Wo kan ich das machen? Meine Linuxkenntnisse sind praktisch nicht existent, Fedora ist eher interesse halber mal rauf gekommen.


----------



## ushnok (20. September 2013)

*AW: Bootreihenfolge in GRUB(fedora) ändern*

In grub ändern?


----------



## Patrin (20. September 2013)

*AW: Bootreihenfolge in GRUB(fedora) ändern*

Grub ist der Bootmanager von Fedora, ich dachte, dort könnte man auch die Reihenfolge, in der die vorhandenen Betriebssysteme aufgelistet sind, einstellen.
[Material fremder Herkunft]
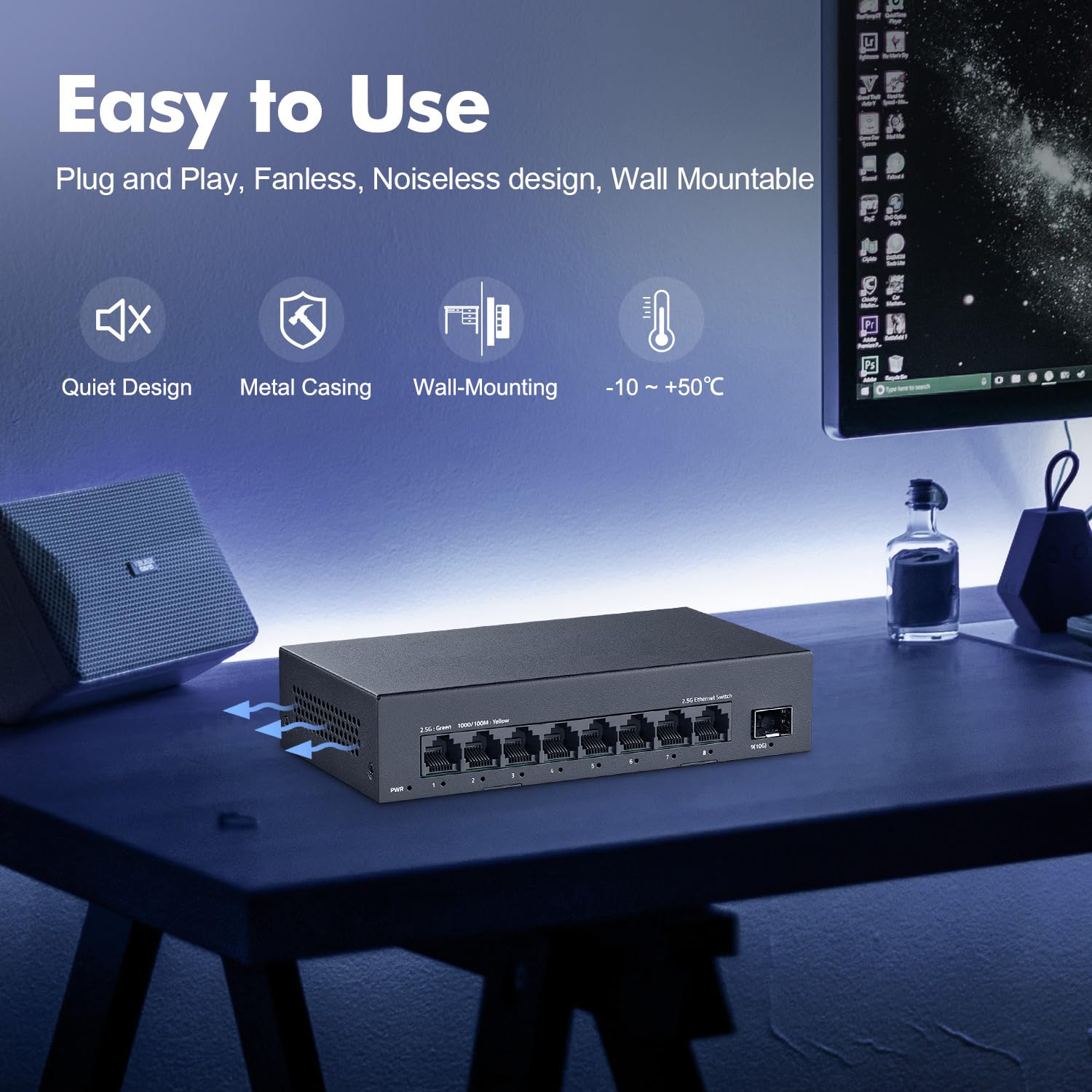 Yulinca 8 Port 2.5G Unmanaged Switch, 8 X 2.5Gbase T Ports With 10G Sfp+, 60Gbps Switching Capacity, Fanless Plug & Play 2.5Gb N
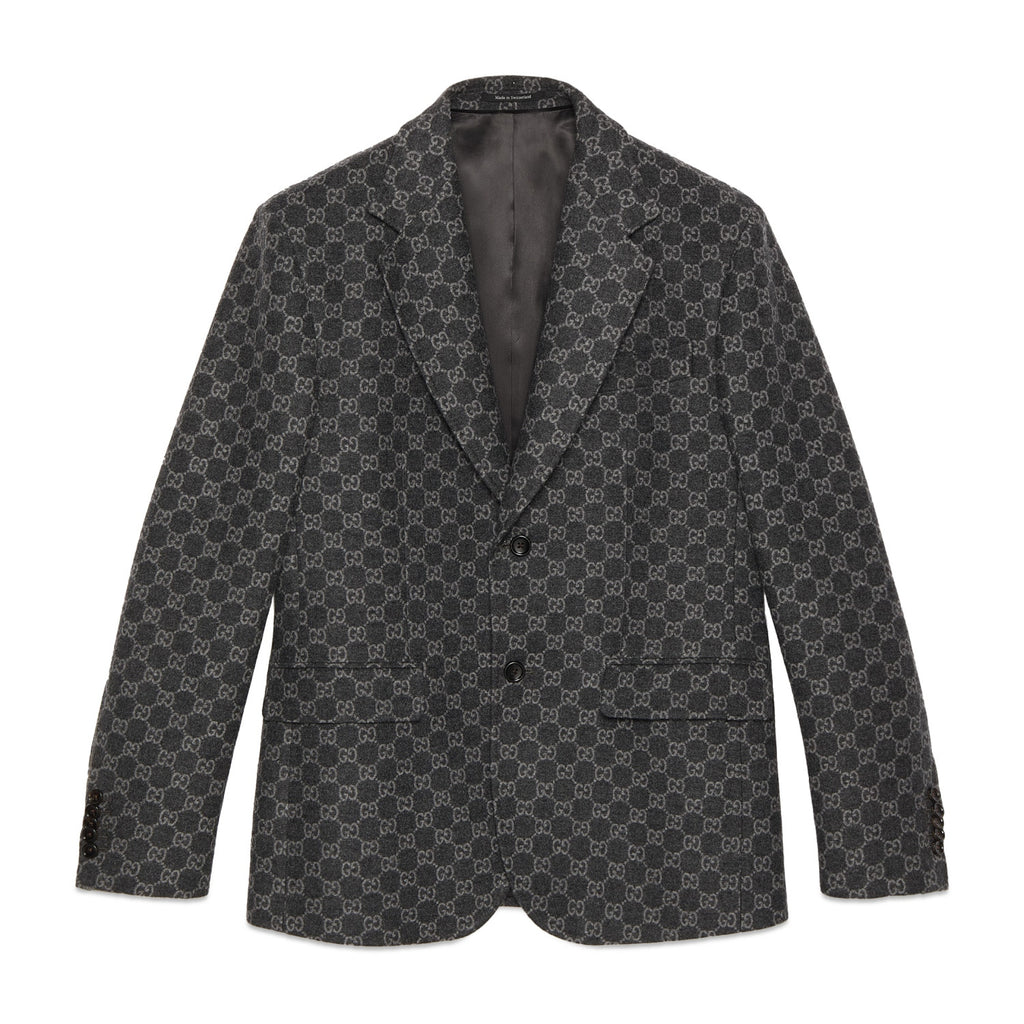 Gucci GG Flannel Men's Dark Gray Spring and Autumn Logo Full Printed Pattern Lapel Single Breasted Long Sleeve Jacket #98143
Grub hat nämlich den Windows bootmanager überschrieben, darauf hatte ich bei der Installation nicht geachtet.


----------



## Dragonix (20. September 2013)

*AW: Bootreihenfolge in GRUB(fedora) ändern*

Ich hab kein Fedora, wird's aber damit mal probieren
https://fedoraproject.org/wiki/GRUB_2#Setting_default_entry

Den Windows Bootlader kannst du, wenn du willst, auch wieder herstellen, das geht mider Windows CD (und google).


----------



## Patrin (20. September 2013)

*AW: Bootreihenfolge in GRUB(fedora) ändern*

funktioniert die Wiederherstellung des Bootloaders auch, wenn das Laufwerk extern über USB angebunden wird? Dazu müssten ja die USB Anschlüsse nicht über windows sondern bereits vom Bios erkannt werden, korrekt?


----------



## ushnok (22. September 2013)

*AW: Bootreihenfolge in GRUB(fedora) ändern*

Grub ist nicht Fedora.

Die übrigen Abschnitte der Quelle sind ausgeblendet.